What is being asked: Repeat the data word for word, excluding every picture.
*** Information shown
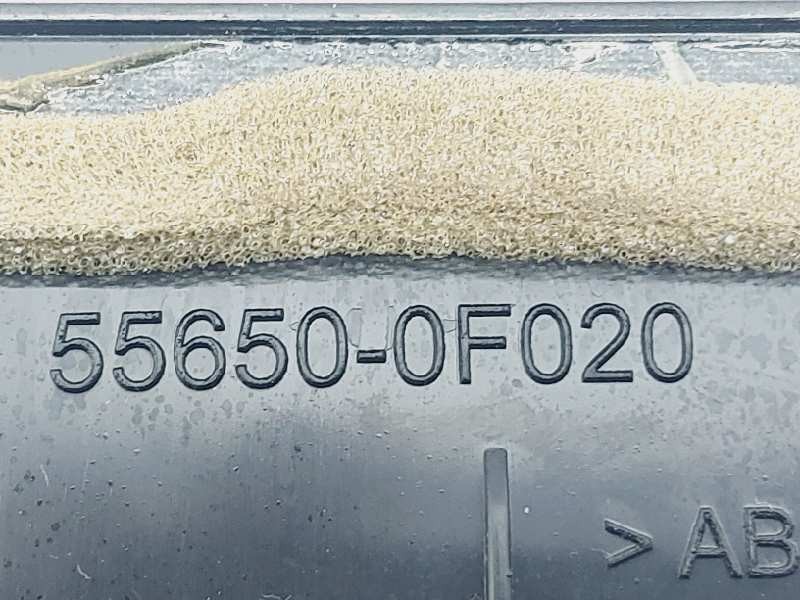 Recambio de rejilla aireadora para toyota verso active referencia OEM IAM 556500F020  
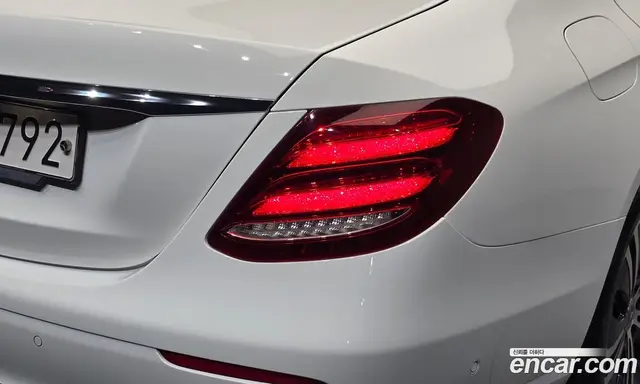 Mercedes-Benz E-Class 2020 1.9 автомат (гидро), миниатюра 9 Mercedes-Benz E-Class 2020 1.9 автомат (гидро), миниатюра 9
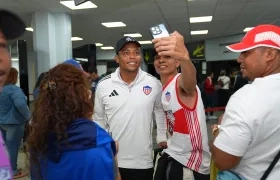 Luis Fernando Muriel con hinchas del Junior en el aeropuerto Silvio Pettirosi.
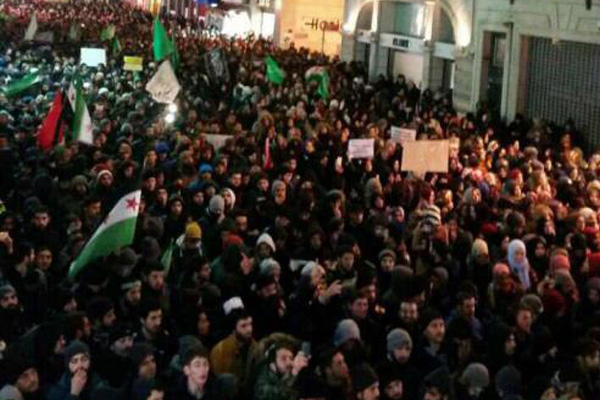 İstanbul ve Ankara'da Halep protestosu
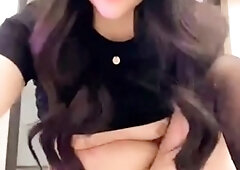 Amateur Webcam Cute Teen Plays Solo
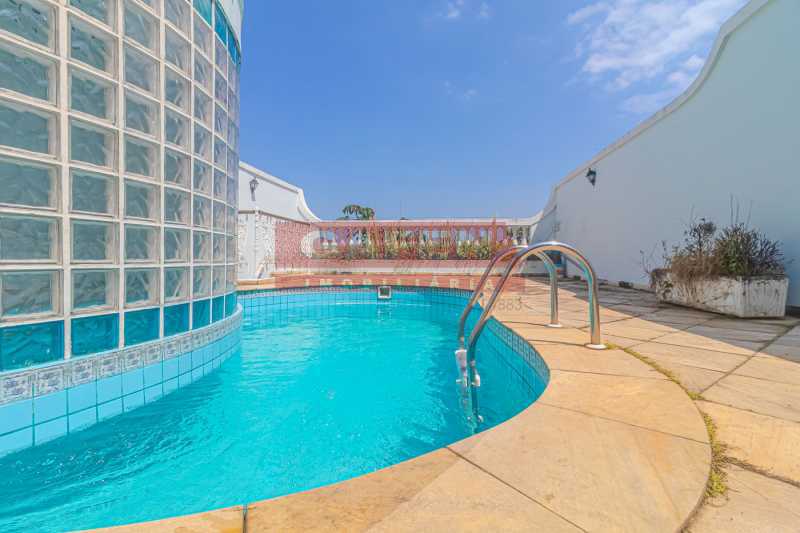 Casa de Condomínio à venda com 3 quartos, 241m² - Foto 2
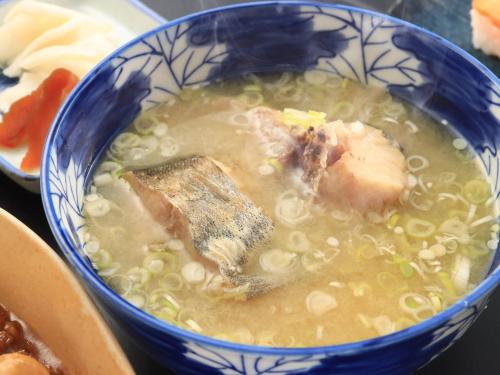 a blue bowl of soup with meat and noodles at Shiroyamasou in Asahi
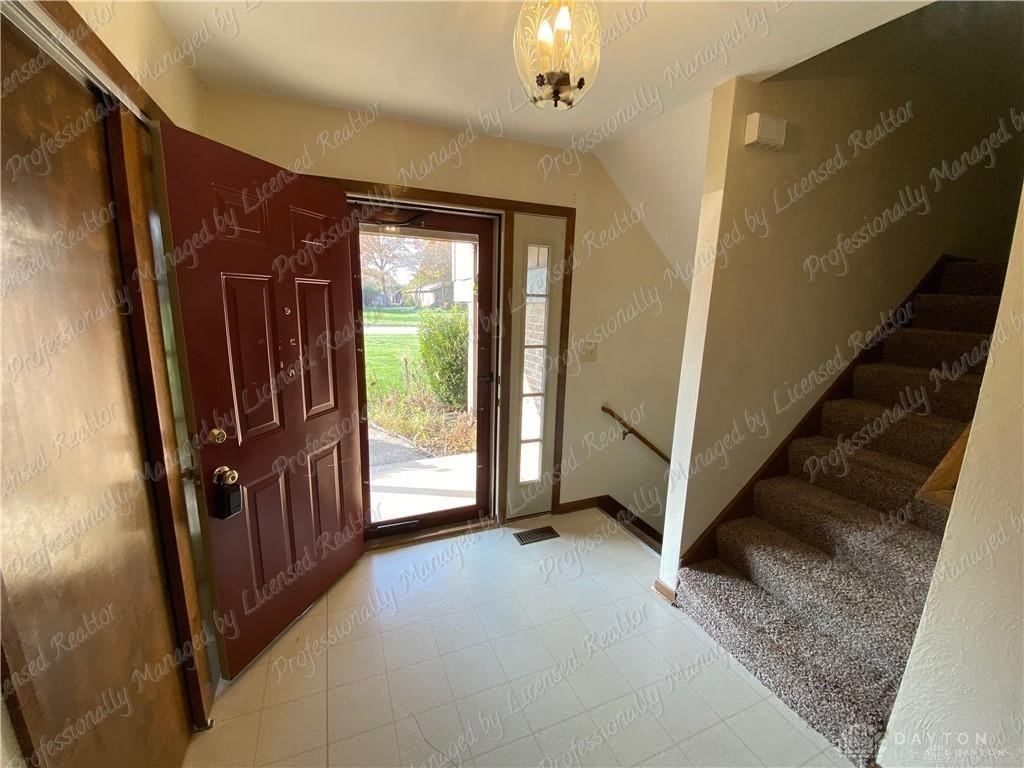 1926 Edith Marie Dr - Photo 2 of 33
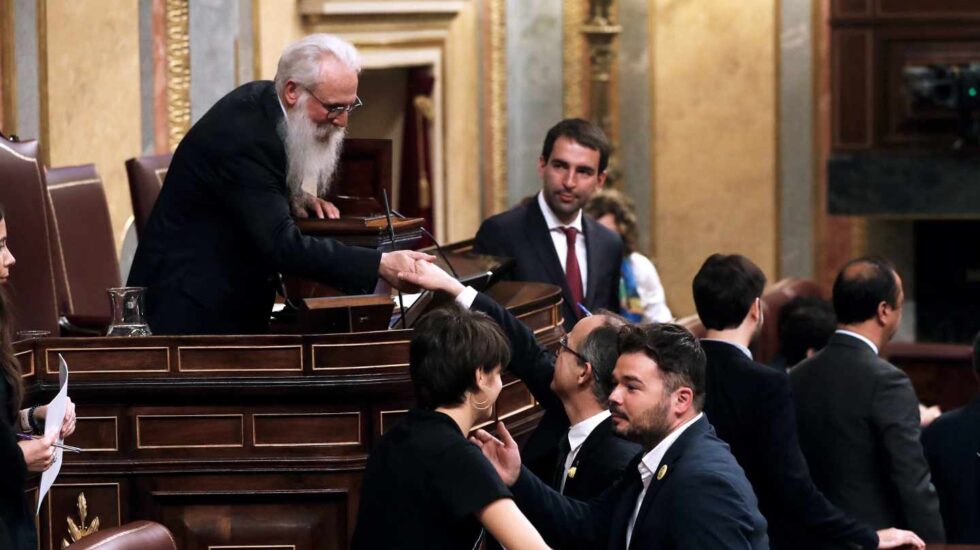 El presidente de la Mesa de Edad, el socialista burgalés Agustín Zamarrón (i), saluda al diputado electo en prisión preventiva Josep Rull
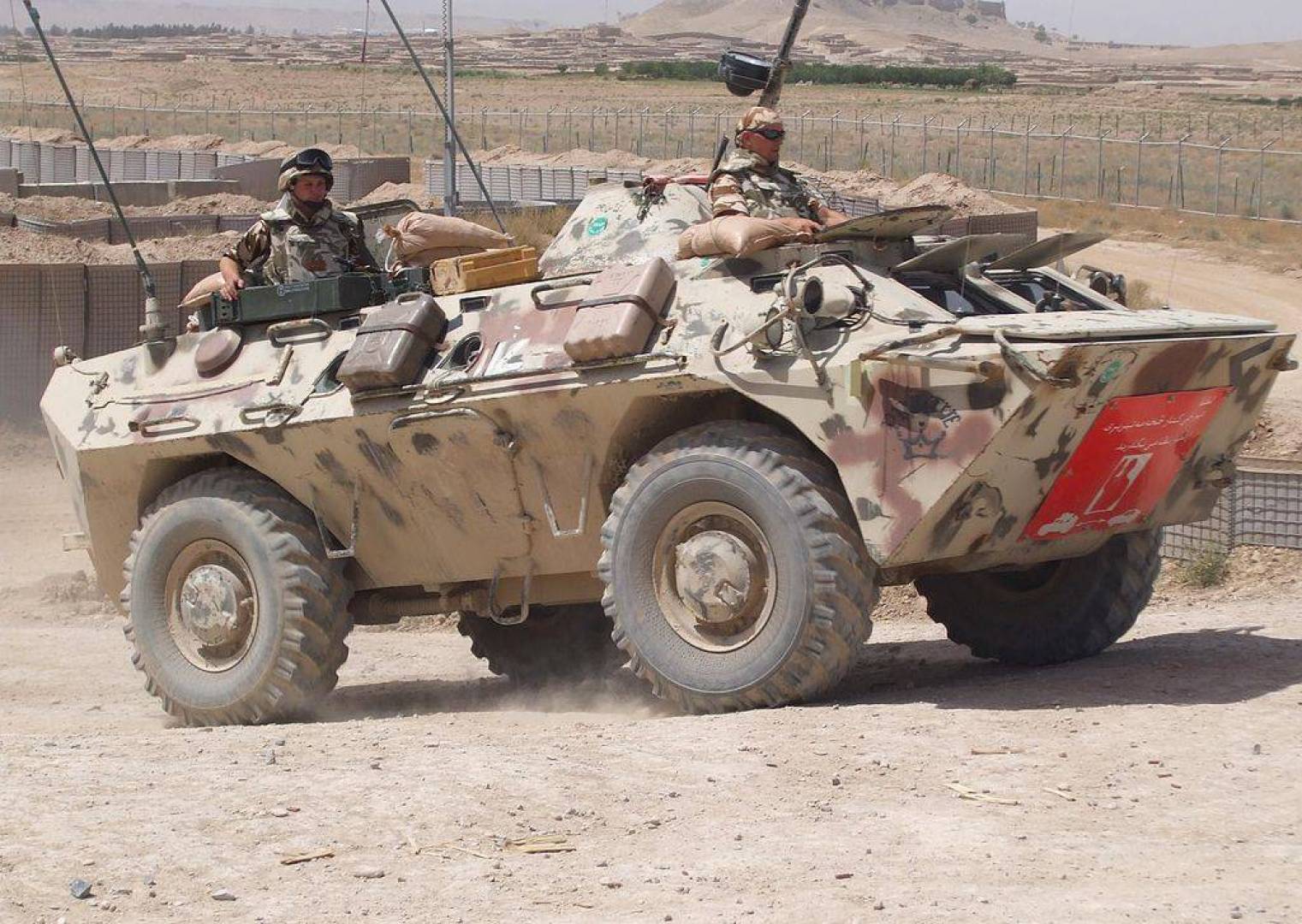 ناقلة الجنود والاستطلاع الرومانية.. تعرف على المصفحة ABC-79M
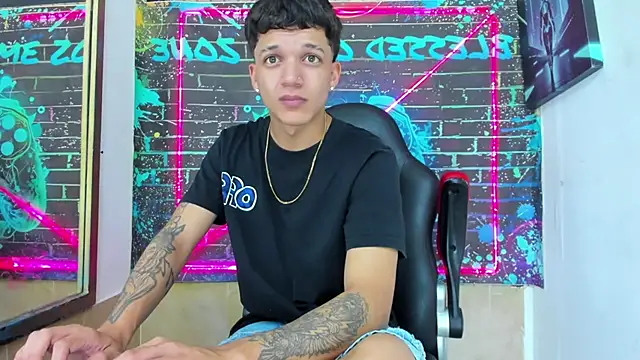 Apolo_Blessed Webcam-Show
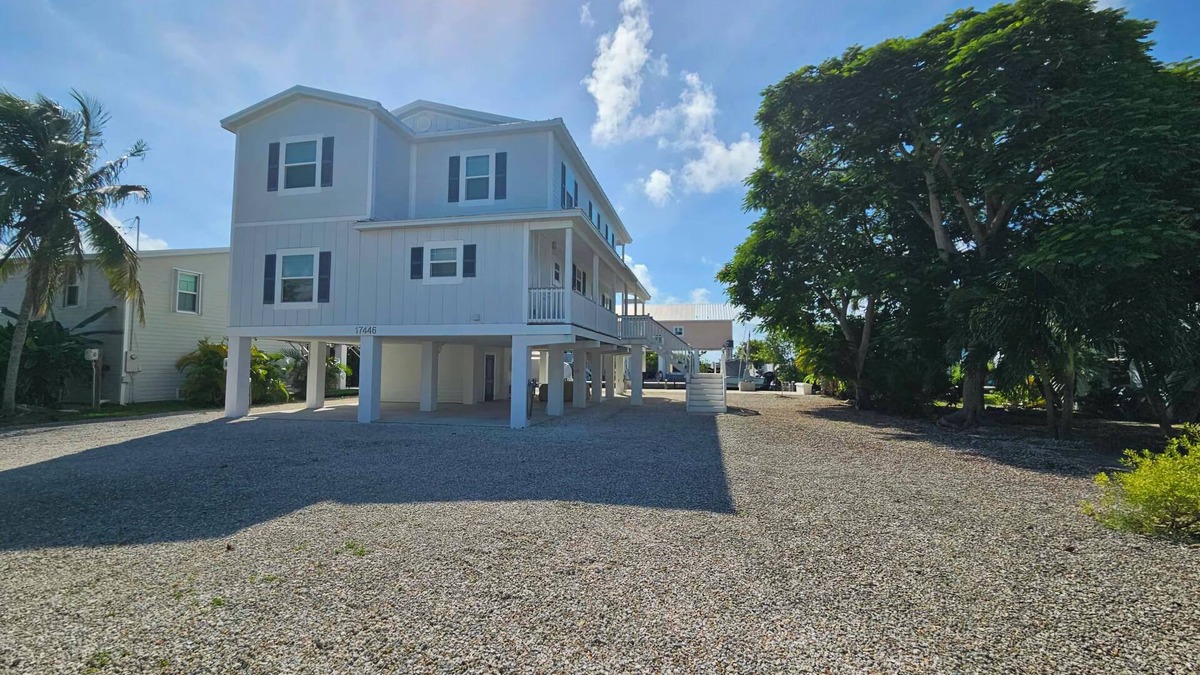 Sugarloaf Shores House | Canal Front 3-bedroom house in Sugarloaf Key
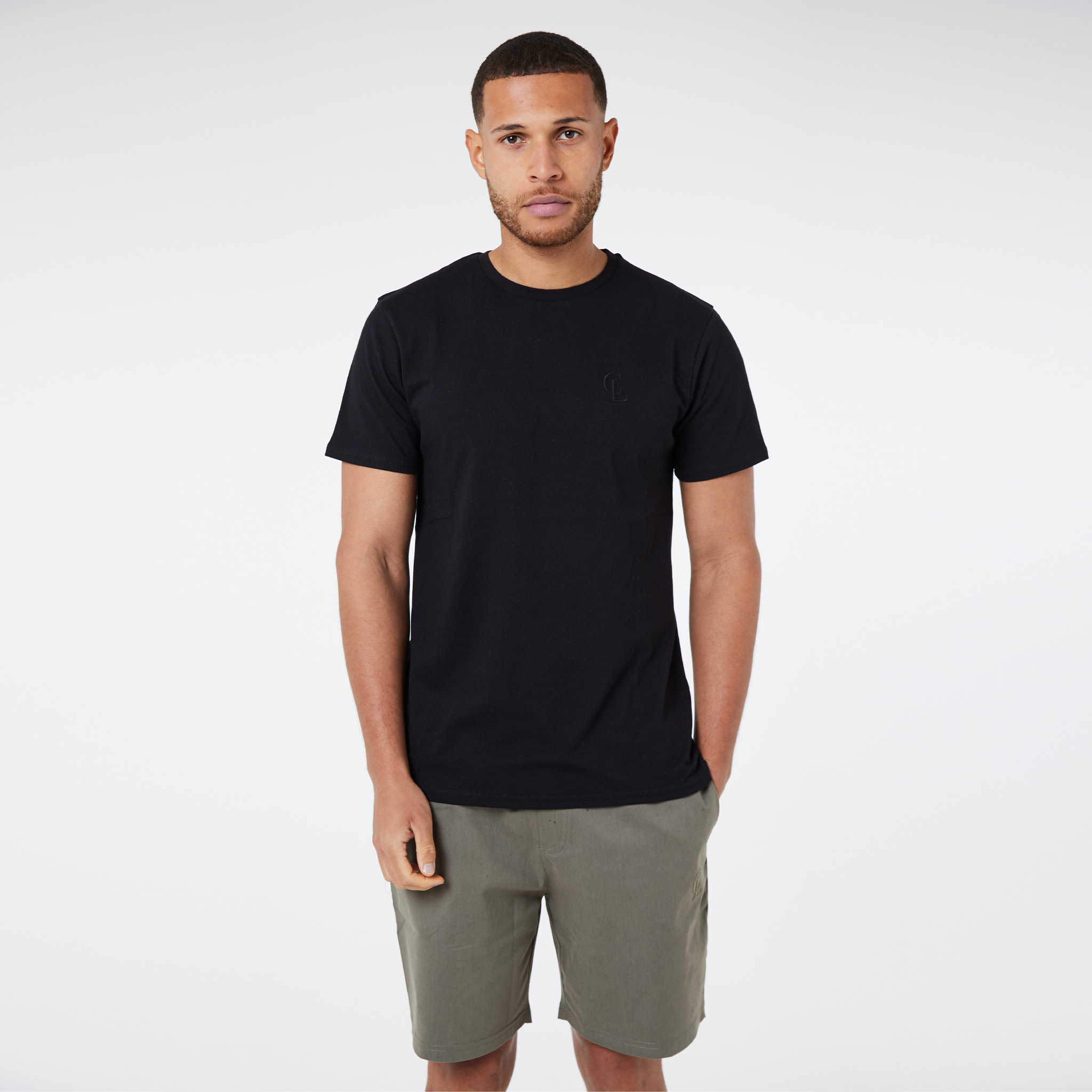 Black t shirt khaki shorts outlet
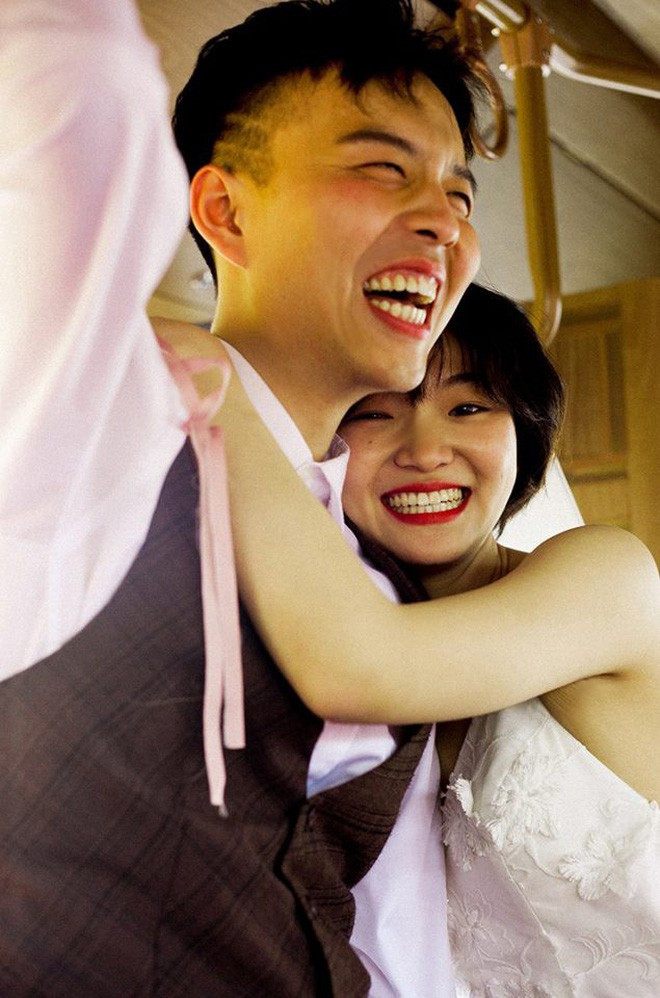 Thành công của những bộ ảnh cưới không chỉ từ bối cảnh đẹp, trang phục đẹp hay bố cục hợp lý mà phải đến từ việc người xem muốn cưới ngay lập tức như bộ ảnh mới đây của cô dâu được dân mạng mệnh danh là có nụ cười "bùa yêu".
******
Solution to this exercise:
 Recambio de rejilla aireadora para toyota verso active referencia OEM IAM 556500F020  
 Mercedes-Benz E-Class 2020 1.9 автомат (гидро), миниатюра 9 Mercedes-Benz E-Class 2020 1.9 автомат (гидро), миниатюра 9
 Luis Fernando Muriel con hinchas del Junior en el aeropuerto Silvio Pettirosi.
 İstanbul ve Ankara'da Halep protestosu
 Amateur Webcam Cute Teen Plays Solo
 Casa de Condomínio à venda com 3 quartos, 241m² - Foto 2
 a blue bowl of soup with meat and noodles at Shiroyamasou in Asahi
 1926 Edith Marie Dr - Photo 2 of 33
 El presidente de la Mesa de Edad, el socialista burgalés Agustín Zamarrón (i), saluda al diputado electo en prisión preventiva Josep Rull
 ناقلة الجنود والاستطلاع الرومانية.. تعرف على المصفحة ABC-79M
 Apolo_Blessed Webcam-Show
 Sugarloaf Shores House | Canal Front 3-bedroom house in Sugarloaf Key
 Black t shirt khaki shorts outlet
 Thành công của những bộ ảnh cưới không chỉ từ bối cảnh đẹp, trang phục đẹp hay bố cục hợp lý mà phải đến từ việc người xem muốn cưới ngay lập tức như bộ ảnh mới đây của cô dâu được dân mạng mệnh danh là có nụ cười "bùa yêu".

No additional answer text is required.